VIENNA (Reuters)- The violent crises in Syria, Gaza and Mali show how important it is for different religions to work together to promote understanding rather than sow hatred, United Nations Secretary General Ban Ki-Moon said yesterday.

Addressing the opening of a new Saudi-backed interfaith centre in Vienna, he said the Syrian conflict was “taking on troubling sectarian dimensions” and “unrest (continues) between Israelis and Palestinians.”

Valuable religious monuments had been destroyed in Mali, he said, referring to the destruction of centuries-old Muslim heritage by the radical Islamist Ansar Dine movement. Religious leaders “can unite people based on tenets and precepts common to all creeds” but at times have also “stoked intolerance, supported extremism and propagated hate.”

“I fully support your vision of religion as an enabler of respect and reconciliation,” he told about 800 religious officials and activists meeting in the Austrian capital to discuss how to promote better understanding among faiths.

Named after Saudi King Abdullah, the new centre is a welcome boost for bridge-building between faiths in an era of financial austerity but has drawn criticism because Saudi Arabia enforces a strict Islamic code and bans non-Muslim religious practice.

It plans to work first on improving how religions are presented in media and schoolbooks, involving faith leaders in children’s health campaigns in poor countries and hosting religious leaders for fellowships at its Vienna headquarters.

The King Abdullah bin Abdulaziz International Centre for Interreligious and Intercultural Dialogue (KAICIID) is the latest step in what Saudi Foreign Minister Saud al-Faisal called his country’s “long march” towards cautious reform at home and improved relations with faith around the world.

“Religion has been the basis for many conflicts,” he said.

Spurred into action by the September 11, 2001 attacks in the United States – in which most of the militants involved were Saudi nationals – and radical Islamist bombings in Saudi Arabia two years later, the king has brought together Sunni and Shi’ite Muslims in Mecca to discuss how to counter extremism in Islam.

He hosted an interfaith conference in 2008 but had to hold it in Madrid because the kingdom is so conservative.

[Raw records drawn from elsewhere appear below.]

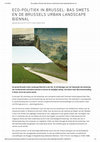 Research paper thumbnail of Eco-politiek in Brussel: Bas Smets en de Brussels Urban Landscape Biennial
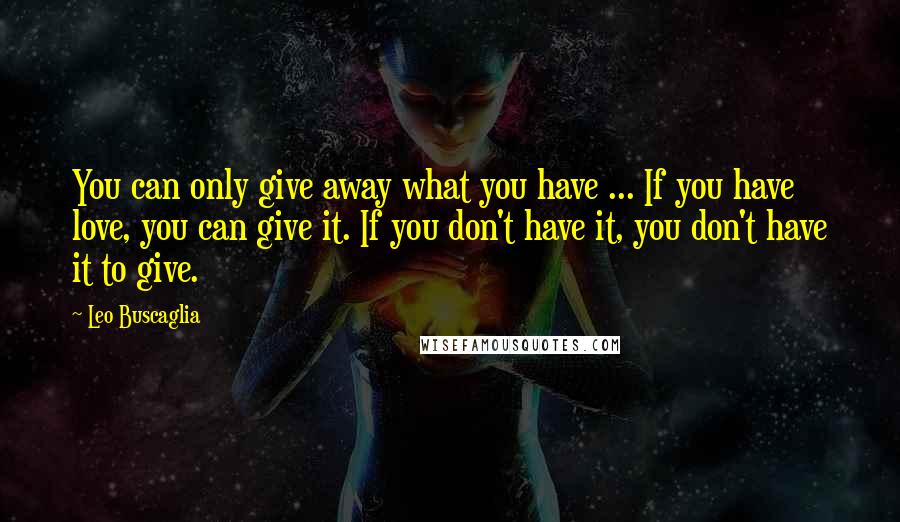 Leo Buscaglia Quotes: You can only give away what you have ... If you have love, you can give it. If you don't have it, you don't have it to give.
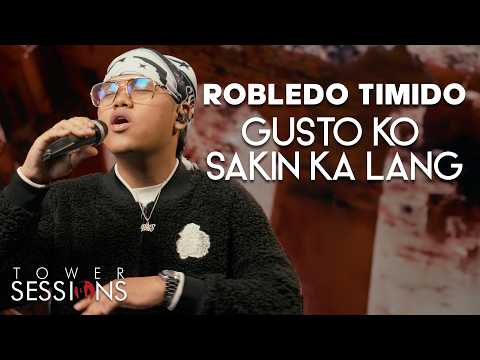 Robledo Timido - Gusto Ko Sakin Ka Lang | Tower Sessions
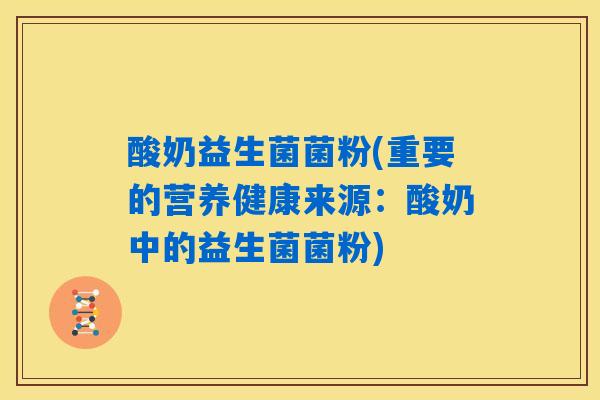 酸奶益生菌菌粉(重要的营养健康来源：酸奶中的益生菌菌粉)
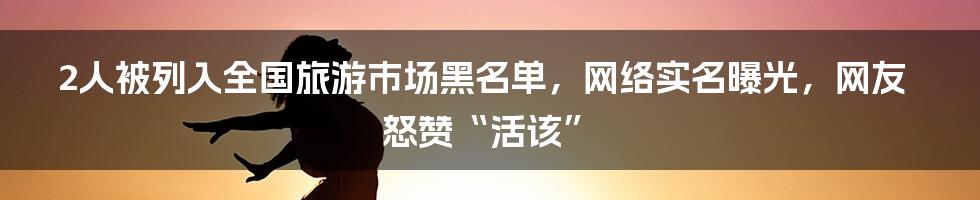 2人被列入全国旅游市场黑名单，网络实名曝光，网友怒赞“活该”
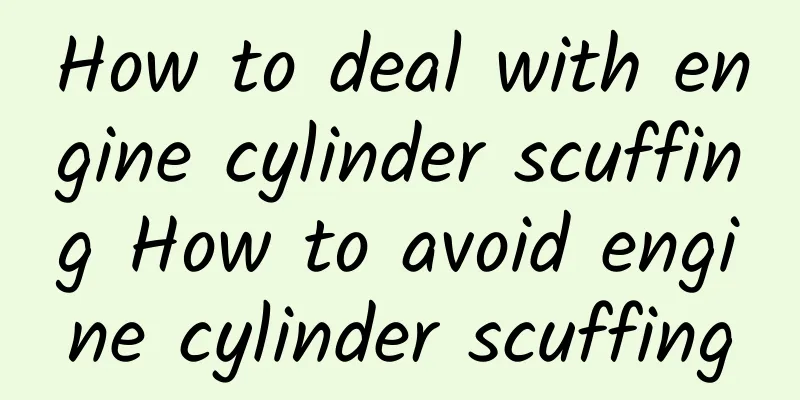 How to deal with engine cylinder scuffing How to avoid engine cylinder scuffing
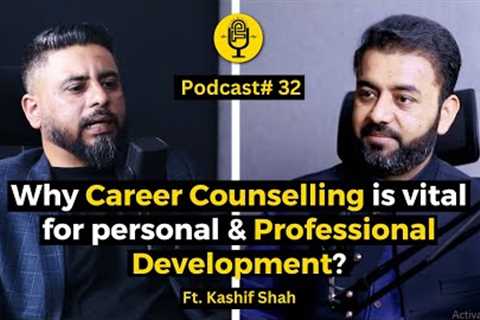 Why Career Counselling is vital for personal &amp; Professional Development? | Ft. Syed Kashif Shah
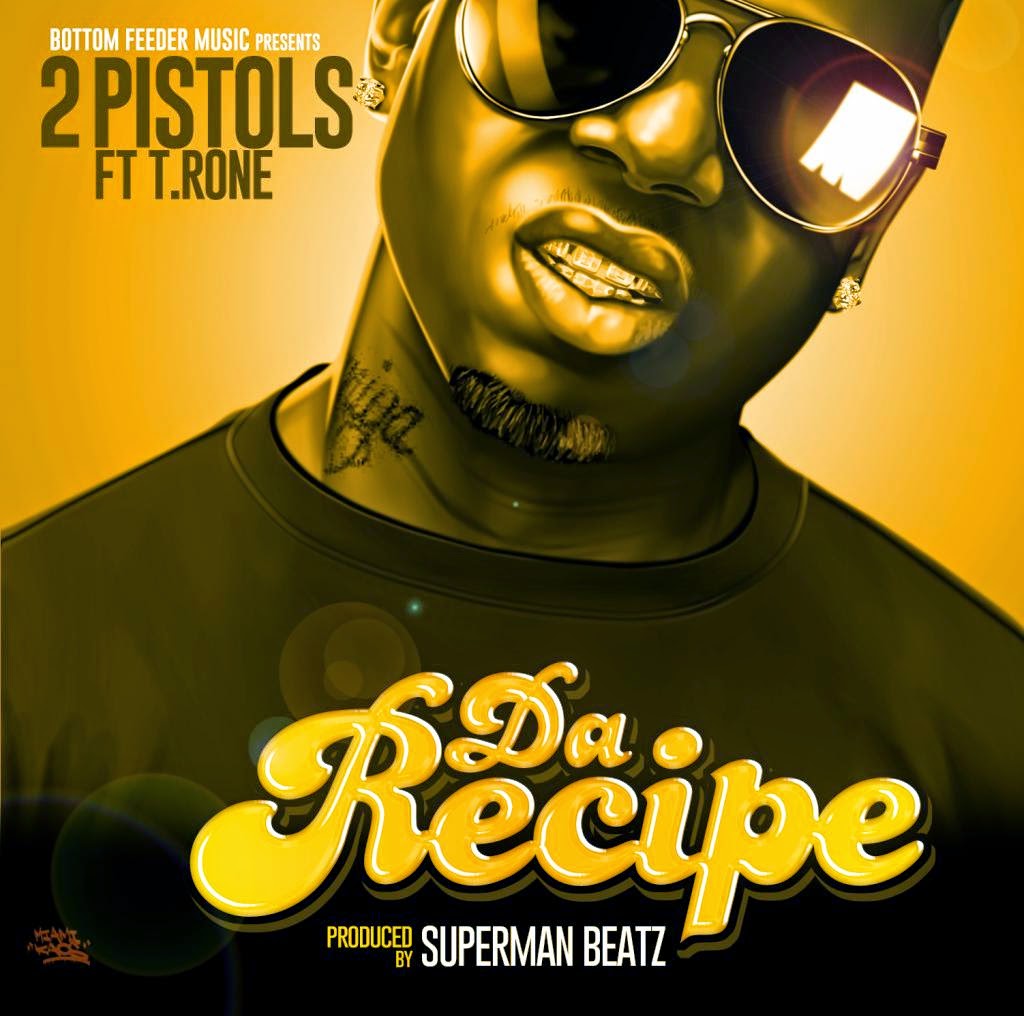 2 Pistols ft. T.Rone - "Da Recipe" / www.hiphopondeck.com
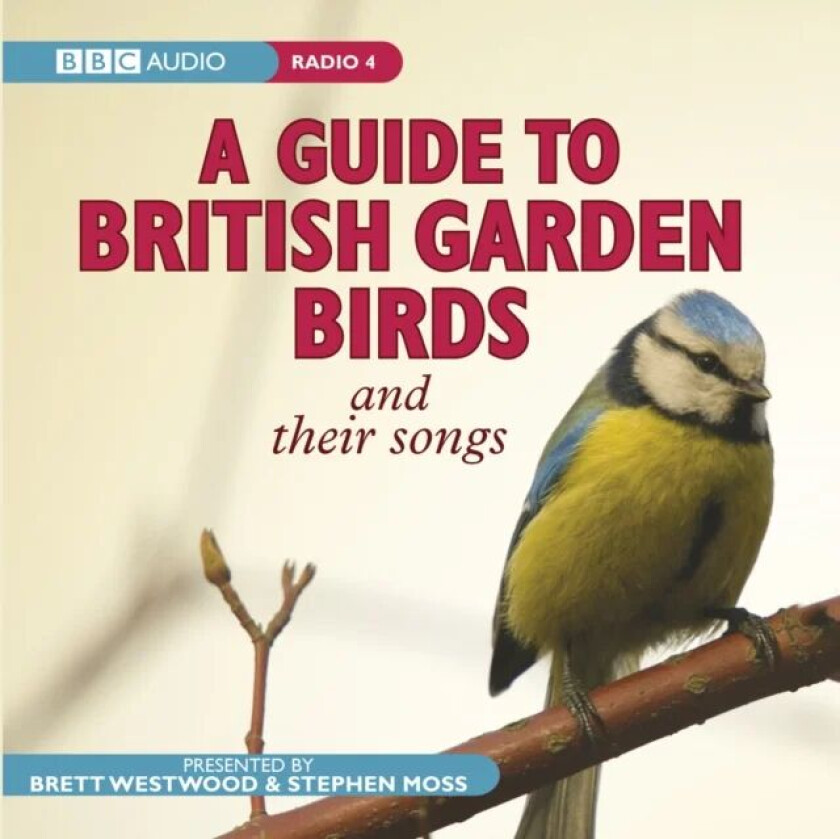 A Guide To British Garden Birds av Stephen Moss, Brett Westwood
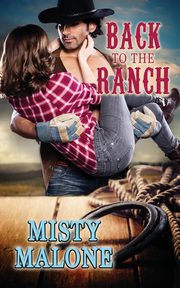 Back to the Ranch, Malone Misty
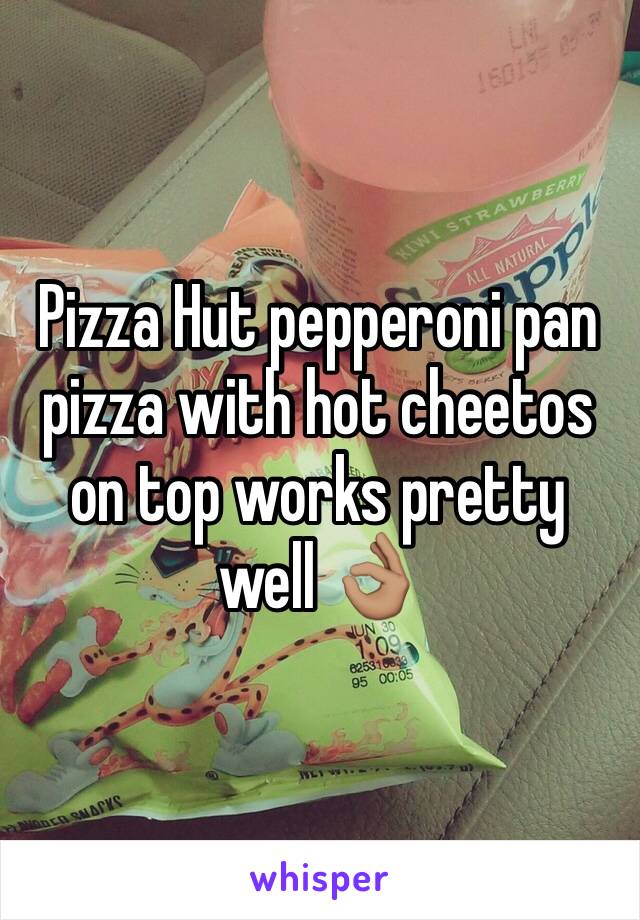 Pizza Hut pepperoni pan pizza with hot cheetos on top works pretty well 👌🏽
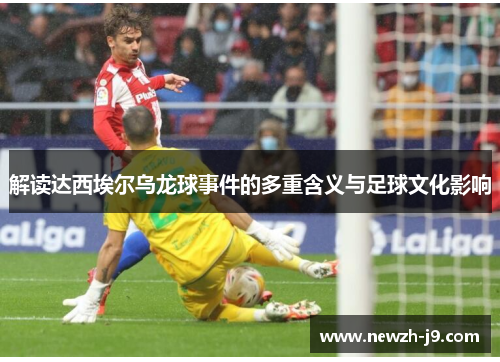 解读达西埃尔乌龙球事件的多重含义与足球文化影响 解读达西埃尔乌龙球事件的多重含义与足球文化影响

However, Saudi officials at the Vienna conference stressed the dialogue message was being spread back home as well.

“The aim is to promote acceptance of other cultures, moderation and tolerance,” said Fahad Sultan AlSultan, deputy head of a Saudi national dialogue effort launched in 2003. “There are problems but we have achieved some success.”

KAICIID is managed by a board with three Muslims, three Christians, a Jew, a Buddhist and a Hindu. It aims to help religions contribute to solving problems such as conflicts, prejudice and health crises rather than be misused to worsen them.